I finished mulching round the fruit bushes. My father had made a great suggestion to use the pine needles that drop copiously from a stately Scots Pine at the bottom of his garden; every year a thick new layer falls. I did some research and learned that pine mulching is common in the US (probably because they have a lot of pines!). Pine mulch may have the effect of making the soil slightly acidic over time- and fruit bushes like slightly acidic soil so it's all good.
Then I shoveled some well rotted kitchen compost round the bushes. The soil on the allotment seems rather depleted and will benefit from extra organic matter to improve the soil structure and fertility.
I then turned my attention to the two beds of where the raspberry canes are (or will be when they put on new growth). Having used the fresh needles on the fruit bushes I started to dig down into the spongey layers that have built up year after year beneath the pine tree. I would estimate each year adds about an inch and each layer becomes more crumbly until you reach loose friable soil five or six layers down where it begins to merge with the solid earth below.
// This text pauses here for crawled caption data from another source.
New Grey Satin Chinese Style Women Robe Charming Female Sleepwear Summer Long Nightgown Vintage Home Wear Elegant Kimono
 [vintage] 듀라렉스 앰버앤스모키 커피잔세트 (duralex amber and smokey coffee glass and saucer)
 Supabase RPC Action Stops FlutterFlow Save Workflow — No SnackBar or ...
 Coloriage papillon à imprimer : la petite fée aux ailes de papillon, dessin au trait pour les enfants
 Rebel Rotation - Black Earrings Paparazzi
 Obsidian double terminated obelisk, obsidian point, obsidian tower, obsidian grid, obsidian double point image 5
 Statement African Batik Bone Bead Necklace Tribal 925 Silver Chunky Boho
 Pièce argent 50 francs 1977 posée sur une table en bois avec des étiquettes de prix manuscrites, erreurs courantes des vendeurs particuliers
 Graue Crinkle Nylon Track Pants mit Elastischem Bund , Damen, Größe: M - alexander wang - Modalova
It's a perfect mulching consistency and I now understand why the Americans refer to it as it pine straw mulch; it does indeed have the texture of composting straw. NB I mixed it with a bag of regular garden compost that was going spare to add a further fertility boost.
One potential drawback of mulching is that it can provide a happy home for slugs but I don't think they'll like pine mulch, we'll see.
All in all a job worth doing. And better still the cost in pounds, shillings and pence: zero. Carbon footprint: zero (I wheeled my wheel barrow down the streets broad and narrow, it's about a 10 minute walk from my father's to the allotment). Always very satisfying to garden on the basis that nothing is wasted.